Well, more than 300 years on from the Vagabond Book, Stirling magistrates still took a dim view of any adult … at 14! … who was without visible means of support. And a mid-September experience in my garden brought that phrase … without visible means of support … to mind. Enjoying breakfast as the sun emerged from behind clouds which had been responsible for an earlier fine drizzle, my eyes were caught by a magnificent spider’s web apparently hanging in space without visible means of support. The individual spokes and their radial links were bejewelled by tiny droplets of water, glistening in the sunshine when seen from my angle of vision like a network of diamond-studded threads. And, once I had taken in the incredible beauty and fragility of the structure, I realised that I could not see any means by which the web was supported between the slim topmost shoots of nearby shrubs. It seemed to be, quite literally, floating in the air; and no matter how closely I tried to look … not an easy task, for the web was at least ten feet above the ground and I did not dare move any of the shrub’s branches for fear of destroying the very thing I was seeking to investigate … I simply could not find the anchor lines which I knew, intellectually, had to be there.

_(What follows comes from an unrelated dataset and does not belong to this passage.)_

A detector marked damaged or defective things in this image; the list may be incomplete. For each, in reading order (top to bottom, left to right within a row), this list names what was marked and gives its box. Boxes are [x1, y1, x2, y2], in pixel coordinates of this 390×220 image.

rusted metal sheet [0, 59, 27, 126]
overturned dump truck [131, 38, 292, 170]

I have since read, in a report in the journal ‘Nature’ of research carried out by Lei Jiang, from the Chinese Academy of Sciences in Beijing, who led the project, that the reason for jewel-like droplets of water hanging on a spider’s web after fog is to be found in the spider silk itself. Dr. Lei explains that, in his own words, “Spider silk can be several tens of micrometres in diameter (whereas the water drops) can be thousands of micrometres wide.” He speaks of the spindles of spider silk being formed from “puffs” of extremely tiny fibres, or nanofibrils, connected by joints. In damp conditions, the nanofibrils shrink, which smoothes out the bumpy silk fibres, driving moisture towards the bumpy knots in the spindle, where it gathers into large droplets, the ‘diamonds’ which I could see sparkling in the sunshine. But I still don’t understand why this web was apparently without visible means of support!